Tribune Business Editor


Four Ukrainians yesterday withdrew a lawsuit alleging a $440m fraud against a Bahamas-based broker/dealer just four days after it was filed in the southern New York federal district court.

The move by Oxsana and Volodymyr Hryn, together with Elizabeth Lata, Ihor Ushenko and their corporate vehicles, to “voluntarily dismiss without prejudice” the claims against Weiser Global Capital Markets and its senior executives also occurred just three days after a New York judge declined to hear their bid for an injunction and restraining order.

Judge Naomi Reice Buchwald, in an October 14 notation, ruled that she lacked “subject matter jurisdiction” - meaning that the southern New York federal court lacks the authority to deal with the case. The voluntary dismissal, though, does not prevent the Ukrainian quarter from refiling the action/claims with a different court at another date.

The four and their numerous corporate vehicles had effectively sought an asset freeze against Weiser and its affiliate, Weiser Asset Management, and senior executives Christos Livadas (also known as Chris Livas); Christos Papaioannou; Jamaal Stubbs; Shelby Brice; Courtney Filipenko; and Rahul Kirpalani.

They had also wanted the New York court to rule that the Bahamian firm, Alan Cole & Co, produce all financial records relating to Weiser for the years from 2018 through to 2021 in its capacity as the broker/dealer’s accountant.

It is unclear whether the failure to effectively shut down Weiser’s business resulted in the lawsuit’s withdrawal. And Tribune Business efforts to obtain comment from Weiser on the matter also drew a blank.

This newspaper initially sought to reach Mr Stubbs, who was named as Weiser’s point person in the list of Securities Commission registrants, when it contacted the Balmoral Corporate Centre-based broker/dealer for comment.

However, it was informed that he had previously left the company although there is no suggestion that is related to this lawsuit. Tribune Business was told to send an e-mail to a specific address, which it did, adding that a response was required by yesterday, but no reply was received. The woman who this newspaper spoke to said she was unaware of the New York lawsuit.

The Ukrainian quartet’s multiple corporate vehicles, which are domiciled in various jurisdictions including The Bahamas, Belize and St Kitts and Nevis, often adopt the names of ‘blue chip’ and not-so ‘blue chip’ financial companies such as State Street and Bear Stearns.

Their original action alleges that they used these vehicles to make loans, which are secured against shares and other securities owned by the borrower. They claim that Weiser was retained as a custodian to receive the assets pledged by borrowers as collateral; remit the cash loans made by the Ukrainians; and manage the collateral assets via various depository accounts.

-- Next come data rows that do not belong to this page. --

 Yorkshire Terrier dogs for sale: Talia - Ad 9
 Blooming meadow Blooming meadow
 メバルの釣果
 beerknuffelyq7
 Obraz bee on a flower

However, the Ukrainian quartet subsequently alleged that these collateral assets were removed by Weiser from the depository accounts without their permission.

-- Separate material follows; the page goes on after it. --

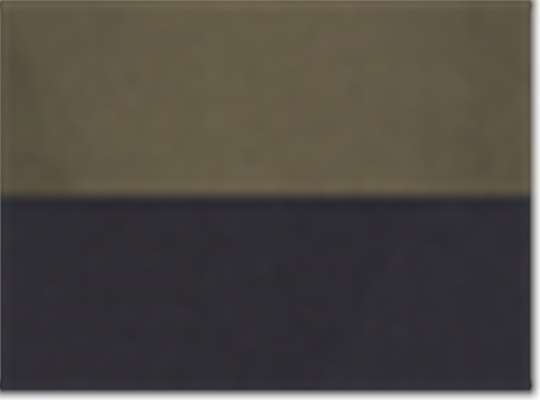 Swatch for Olive/ Black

“When plaintiff beneficial owners contacted defendants in order to inquire about what was taking place, their inquiries were entirely neglected despite the fact that the depository accounts continued to show diminishing balances in excess of tens of millions of dollars, sometimes in a single day,” the Ukrainians claimed.

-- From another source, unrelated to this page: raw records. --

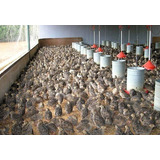 Criação De Codornas Cotonicultura Aprenda A Criar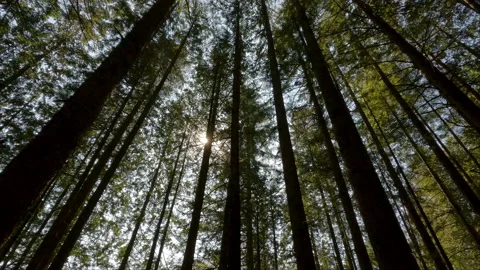 Green Vibrant Trees in the Rainforest during sunny summer day. Canadian Nature Stock Footage 215917982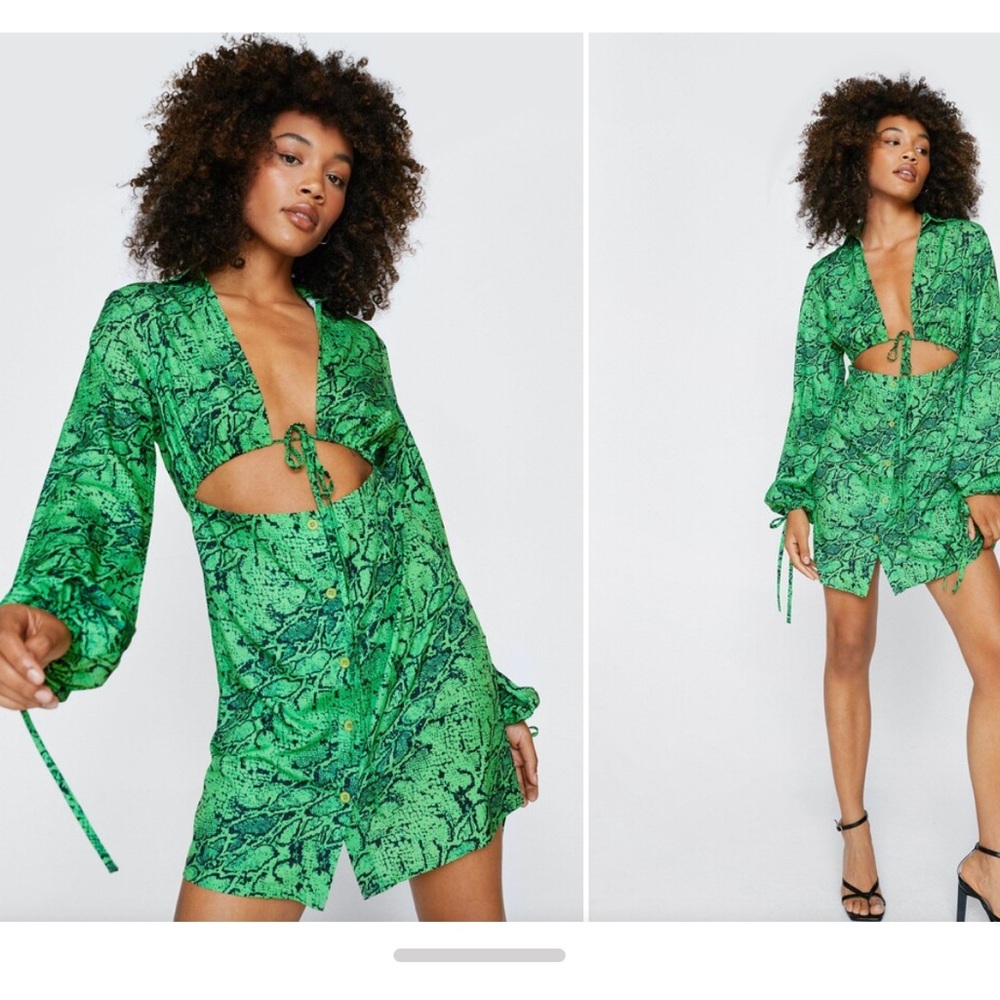 Nasty Gal Green Snake Print Tie Front Dress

“In total nearly $290m in cash and approximately $150m in securities has vanished from the plaintiffs’ depository accounts within a period of days without explanation, and without any ability by the plaintiffs to gain access to same.”

These allegations have now all been withdrawn and dismissed within the space of four days. There is nothing to suggest Weiser, its executives, owners, staff and employees have done anything wrong in relation to the matter.